BEGIN ENTRIES SUPPLIED

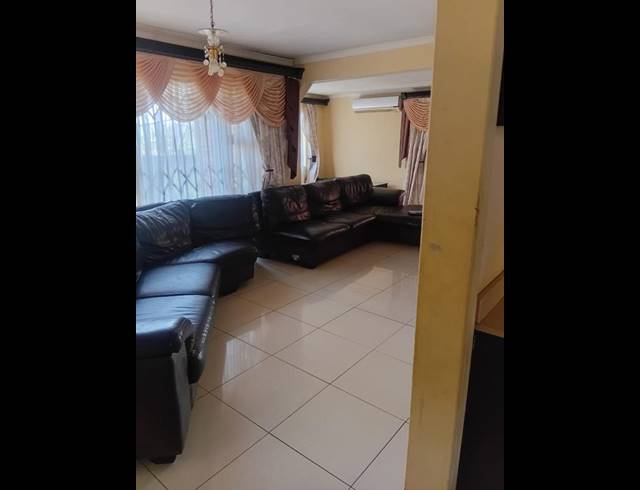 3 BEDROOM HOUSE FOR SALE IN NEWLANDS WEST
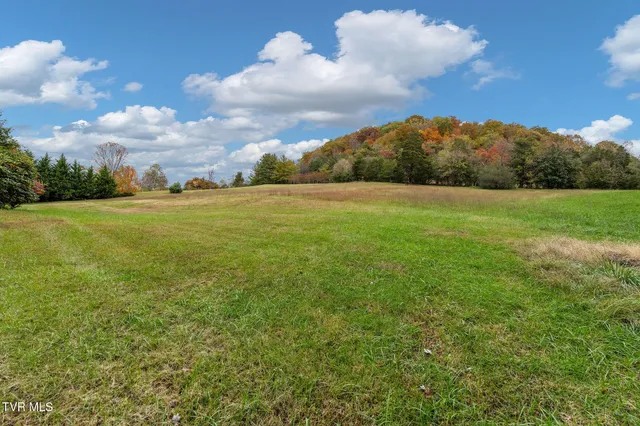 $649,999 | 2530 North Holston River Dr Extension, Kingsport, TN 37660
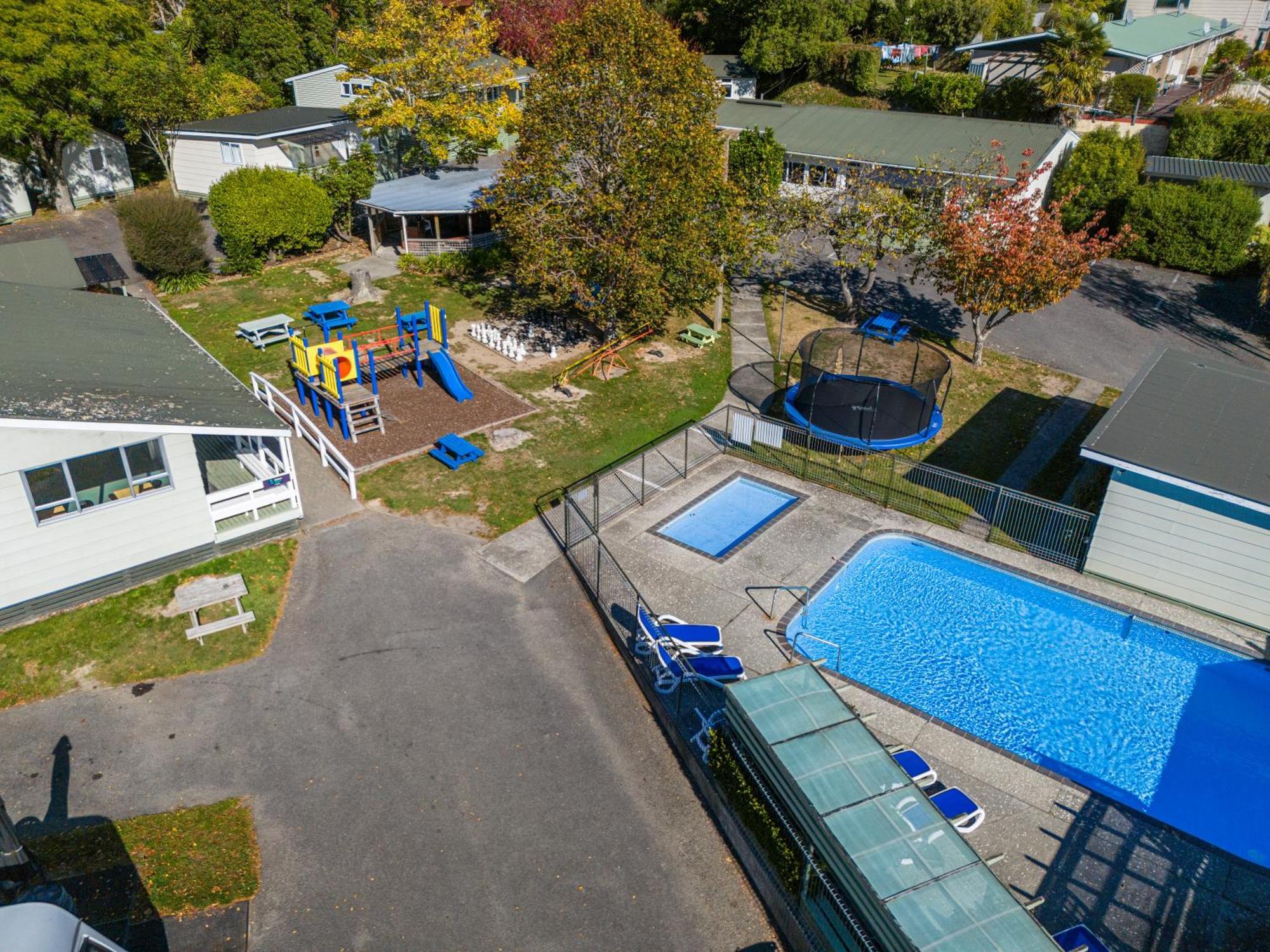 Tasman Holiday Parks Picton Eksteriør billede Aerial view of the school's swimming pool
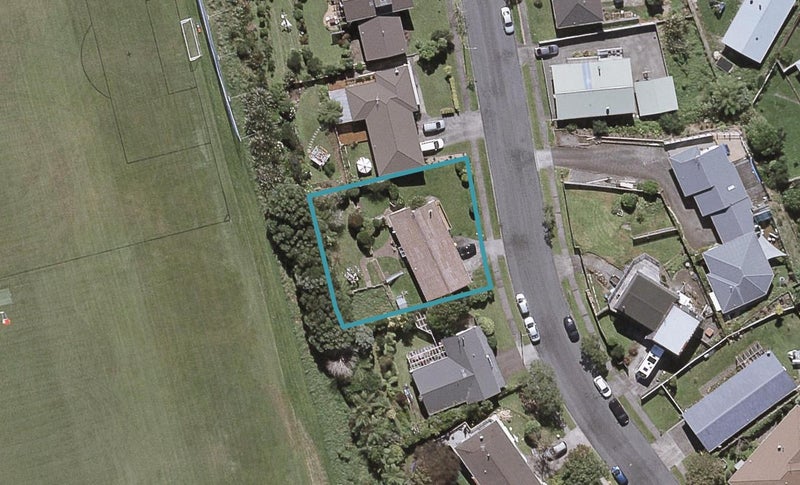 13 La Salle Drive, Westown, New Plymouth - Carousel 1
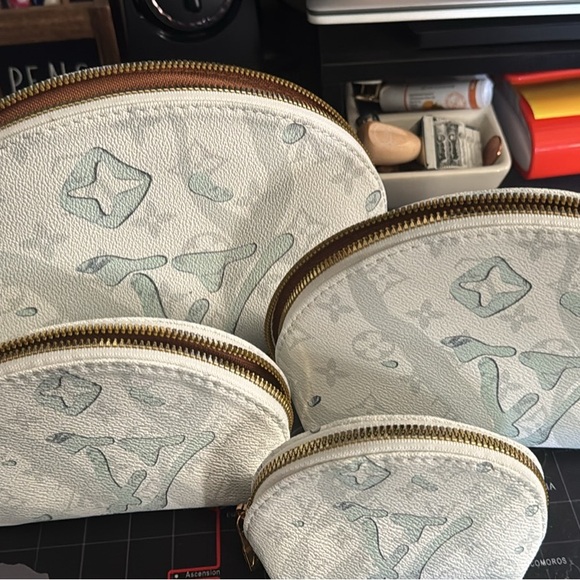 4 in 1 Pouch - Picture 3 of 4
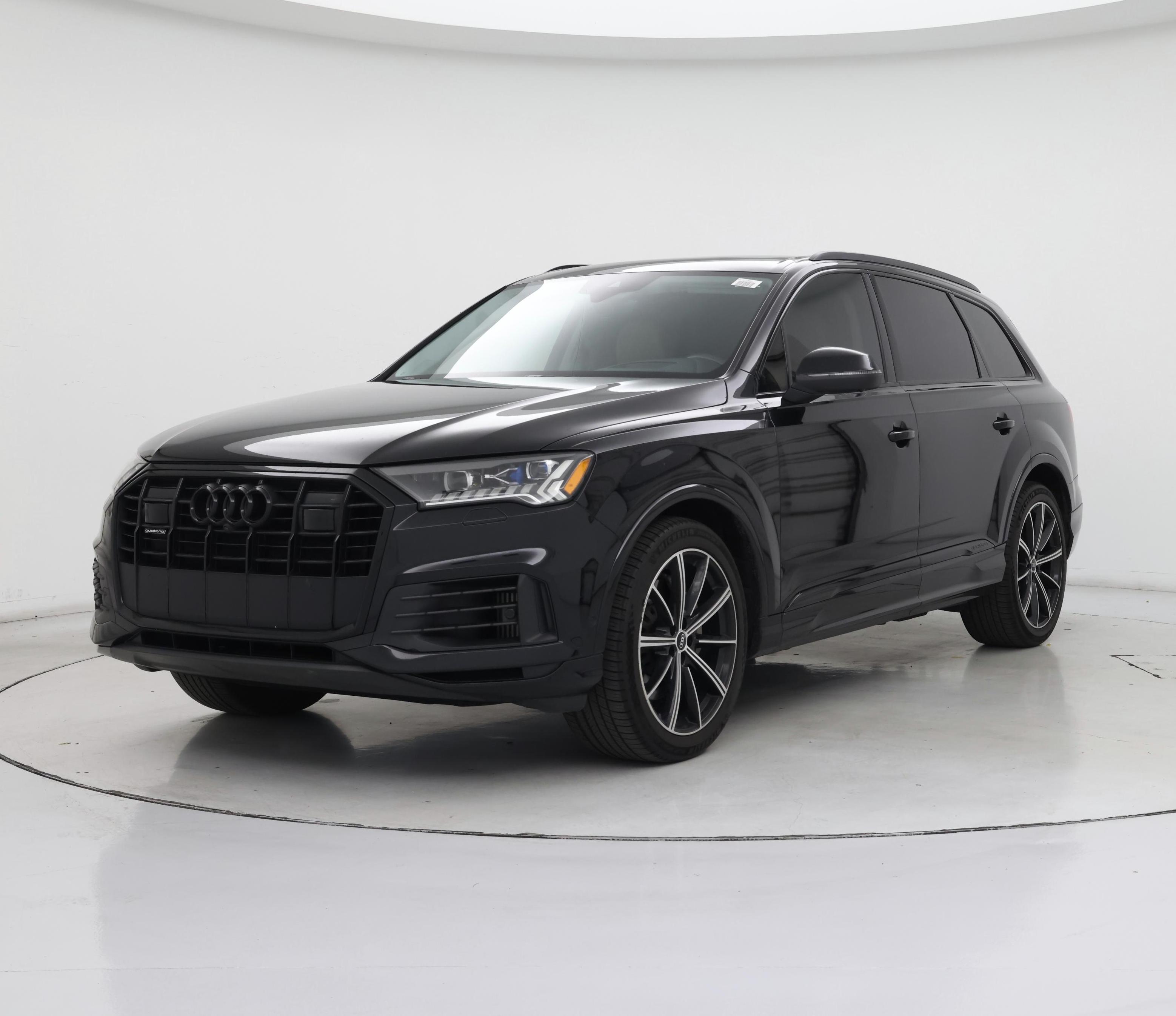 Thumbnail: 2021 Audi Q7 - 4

END ENTRIES SUPPLIED
BEGIN ENTRIES SUPPLIED

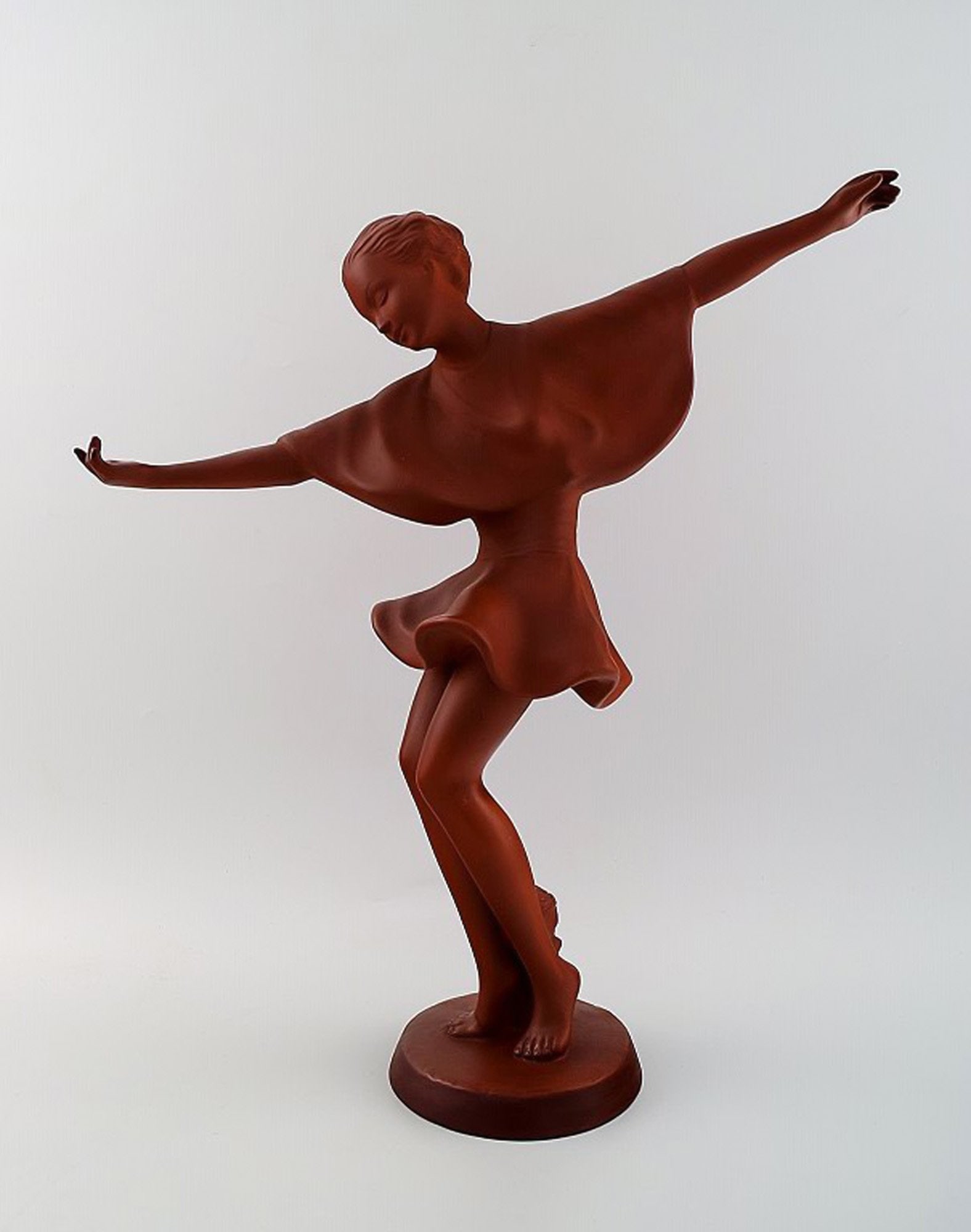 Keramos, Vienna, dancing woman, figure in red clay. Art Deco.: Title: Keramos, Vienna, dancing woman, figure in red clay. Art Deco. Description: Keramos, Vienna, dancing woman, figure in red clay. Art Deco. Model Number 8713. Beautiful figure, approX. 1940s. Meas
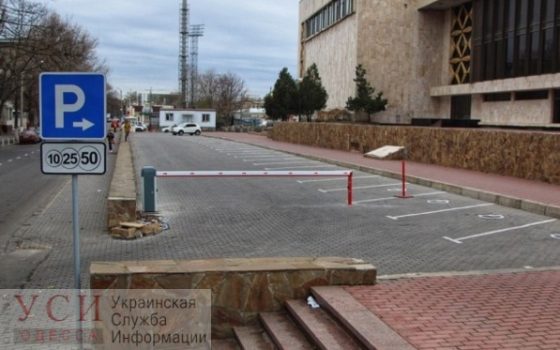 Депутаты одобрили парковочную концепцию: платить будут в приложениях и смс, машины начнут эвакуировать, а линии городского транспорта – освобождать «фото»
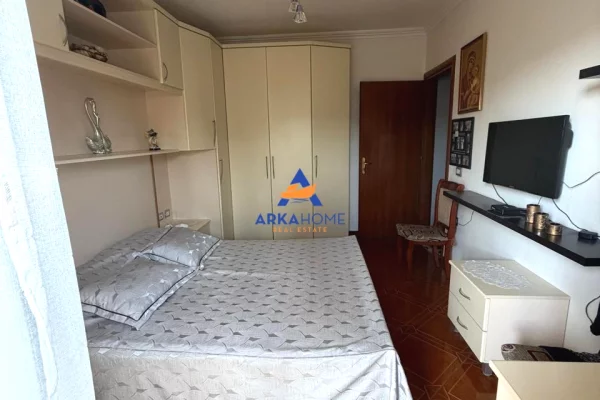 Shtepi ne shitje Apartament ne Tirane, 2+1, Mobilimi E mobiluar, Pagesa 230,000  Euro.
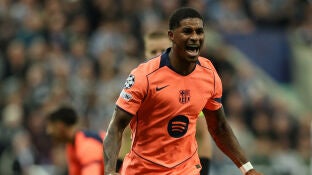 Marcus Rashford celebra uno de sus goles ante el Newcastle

END ENTRIES SUPPLIED
BEGIN ENTRIES SUPPLIED

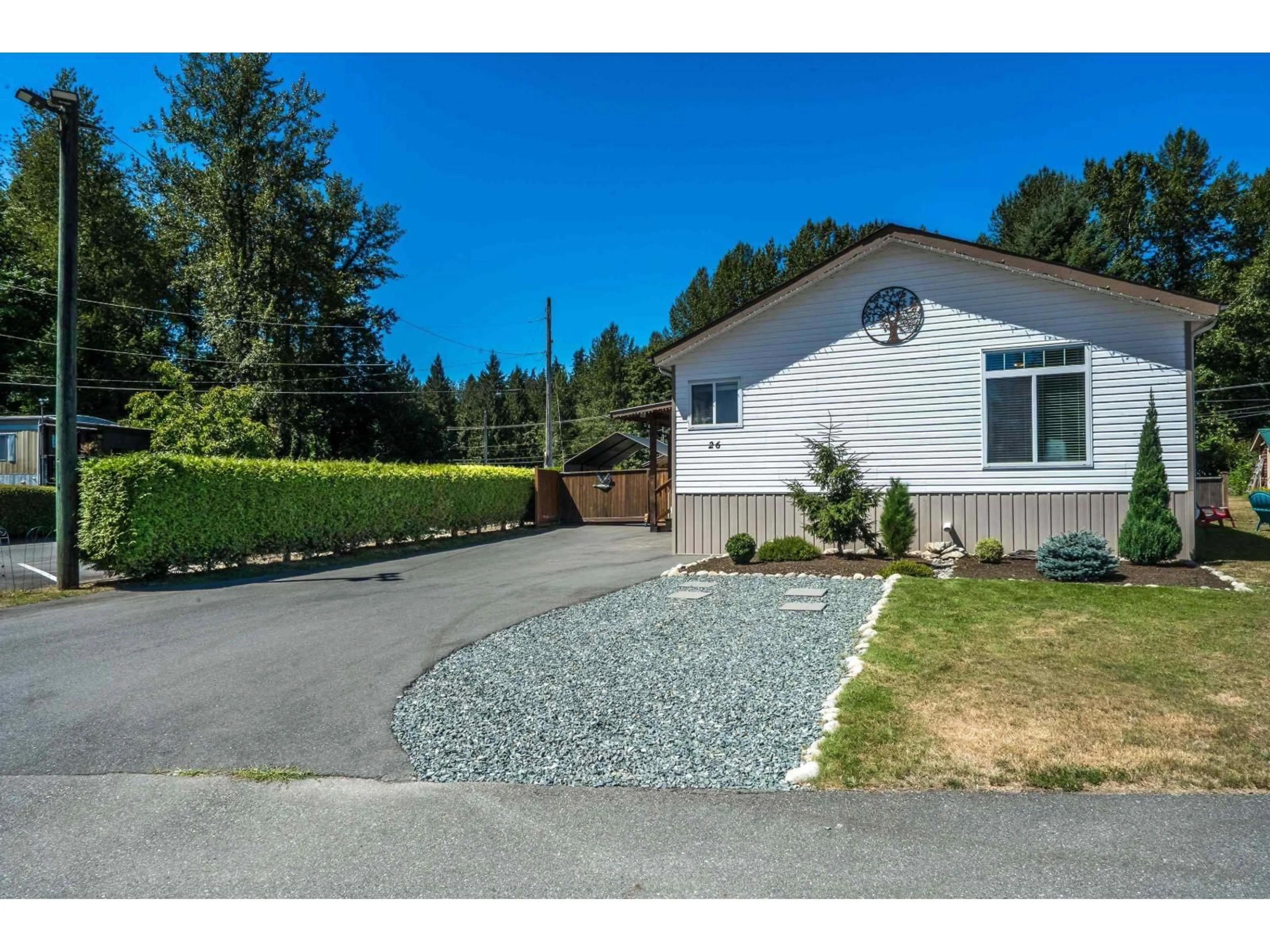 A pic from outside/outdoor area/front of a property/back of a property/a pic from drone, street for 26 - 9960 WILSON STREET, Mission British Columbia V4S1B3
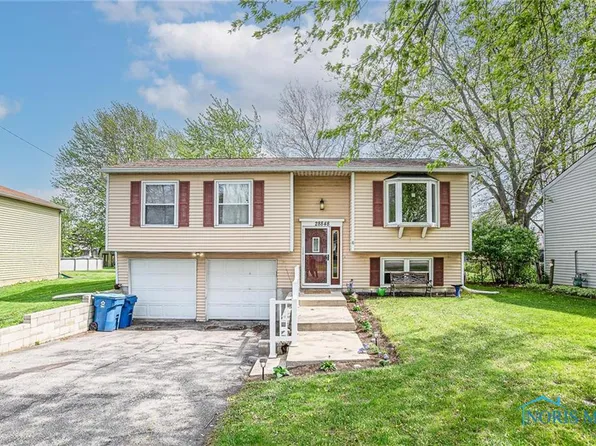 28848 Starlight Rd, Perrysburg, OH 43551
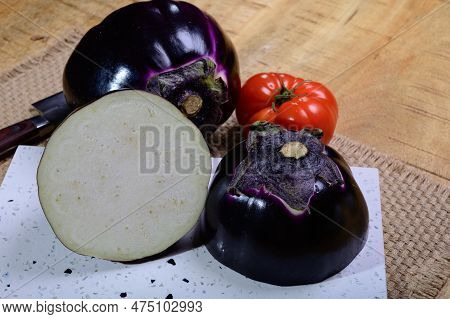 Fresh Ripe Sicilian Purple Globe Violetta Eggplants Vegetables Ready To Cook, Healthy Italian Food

END ENTRIES SUPPLIED

• _TASK INSTRUCTIONS_
Between and including the line with "Tasman Holiday Parks" and the line with "Thumbnail: 2021 Audi Q7 - 4", repeat every line exactly as it appears above, with pictures left out.

• _ANSWER TO THE PROBLEM_
 Tasman Holiday Parks Picton Eksteriør billede Aerial view of the school's swimming pool
 13 La Salle Drive, Westown, New Plymouth - Carousel 1
 4 in 1 Pouch - Picture 3 of 4
 Thumbnail: 2021 Audi Q7 - 4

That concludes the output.